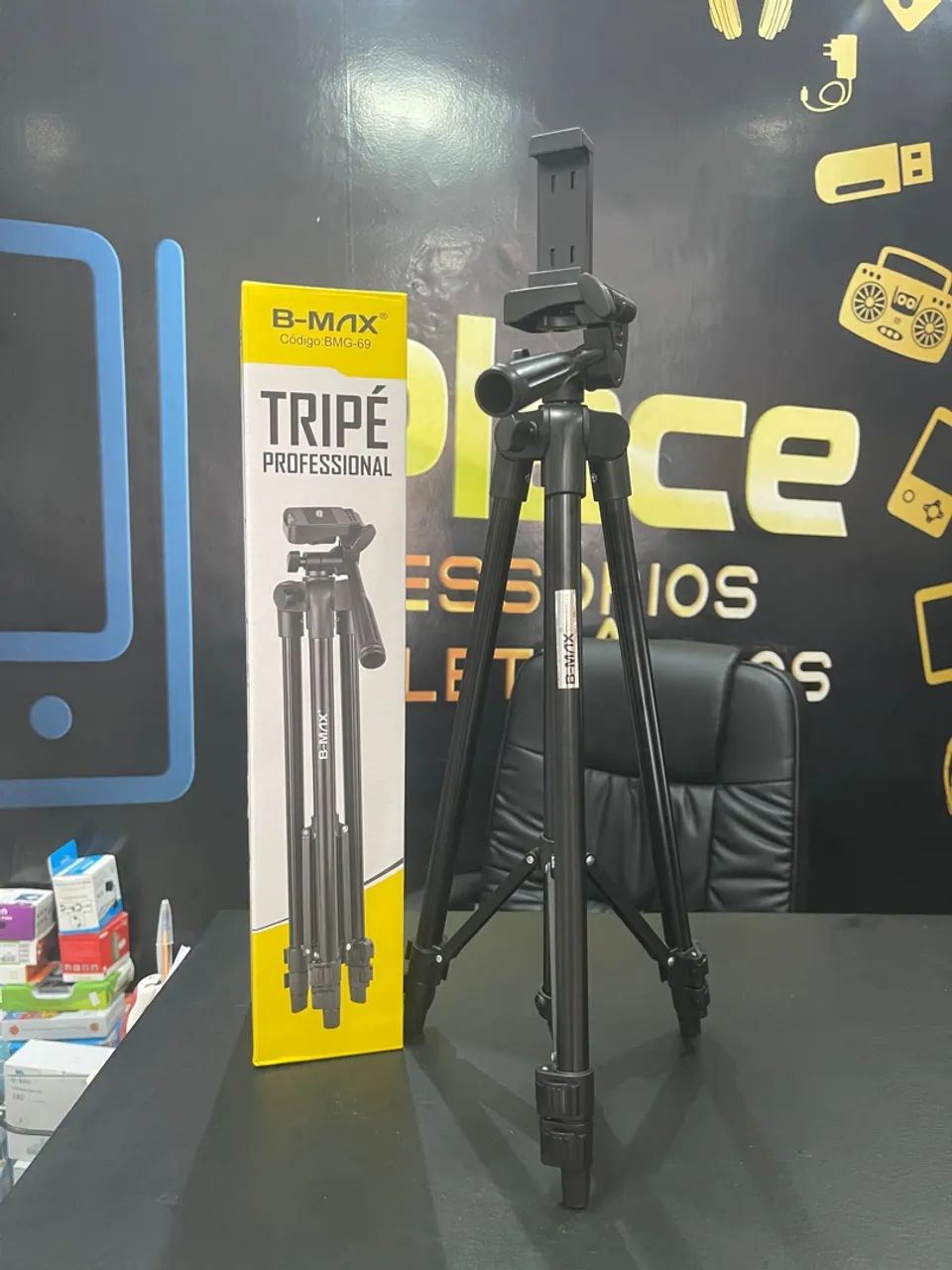 Tripé Profissional B-MAX BMG-69 1.30m - Fazemos Entregas  - Foto 5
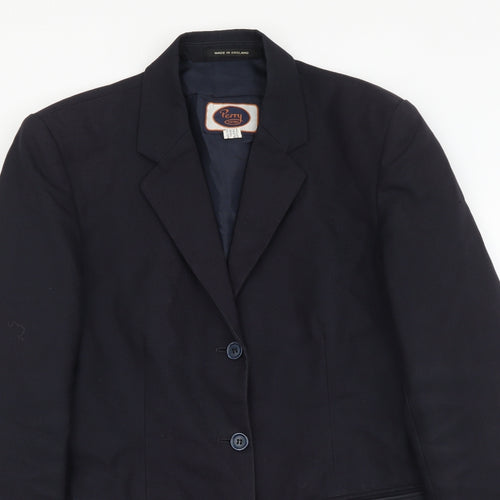 Perry Clothes Mens Blue Polyester Jacket Blazer Size S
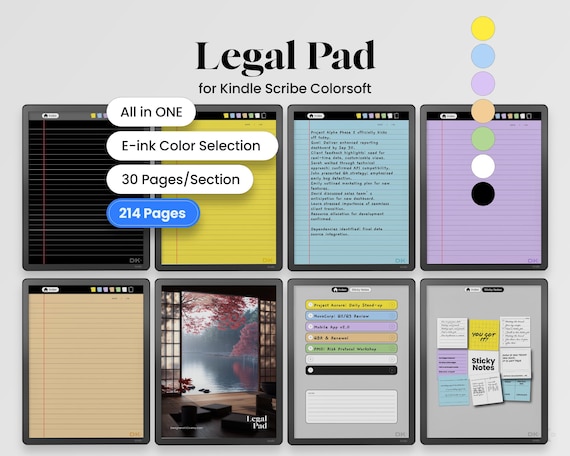 Legal Pad for Kindle Scribe Colorsoft Digital Notes Template Productivity Memo Notebook Hyperlinked PDF Planner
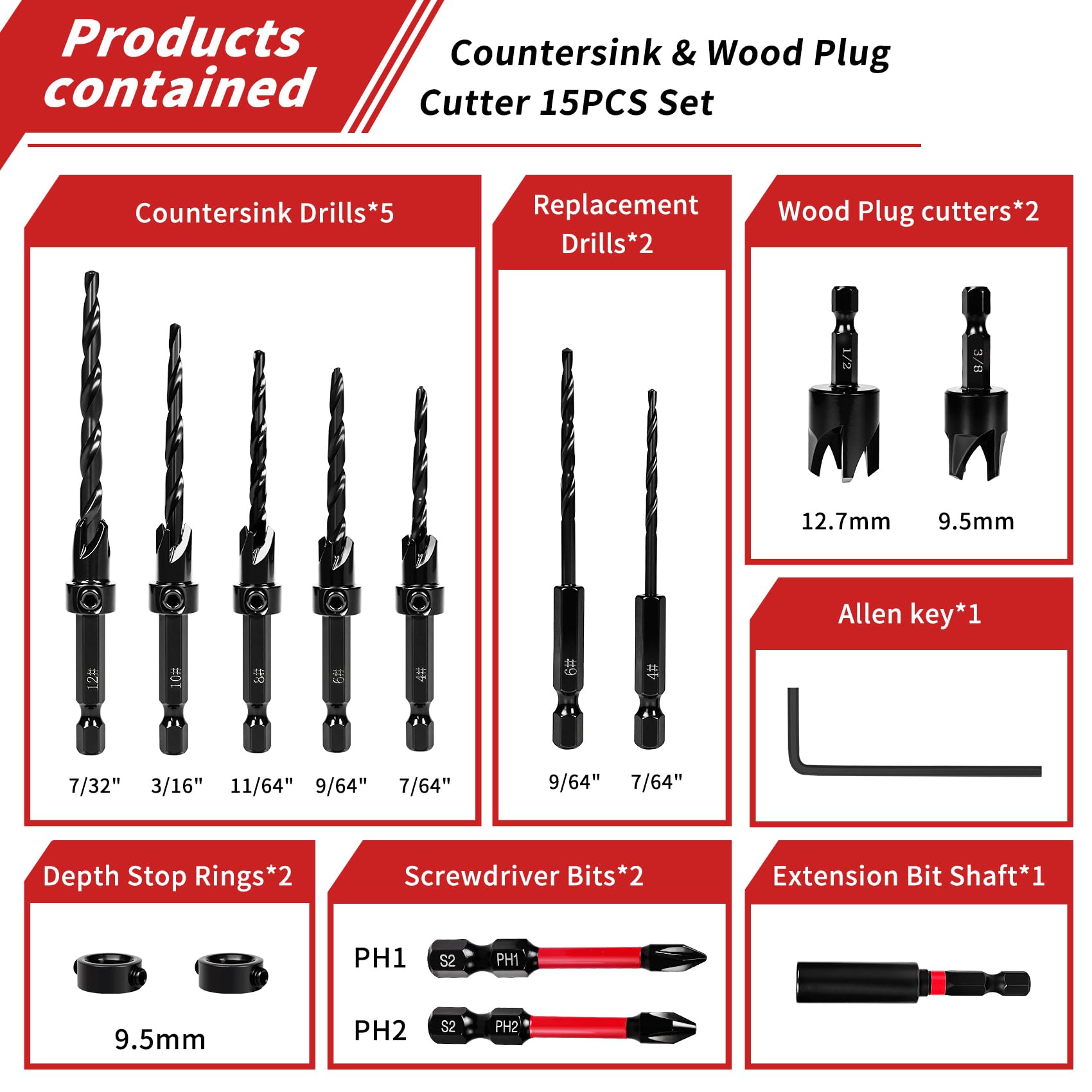 TEWORDA 82-degree countersink guides flush screws with minimal tear-out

• Activity
Could you give the listing above again word for word, without any pictures?

• Solved problem
 Tripé Profissional B-MAX BMG-69 1.30m - Fazemos Entregas  - Foto 5
 Perry Clothes Mens Blue Polyester Jacket Blazer Size S
 Legal Pad for Kindle Scribe Colorsoft Digital Notes Template Productivity Memo Notebook Hyperlinked PDF Planner
 TEWORDA 82-degree countersink guides flush screws with minimal tear-out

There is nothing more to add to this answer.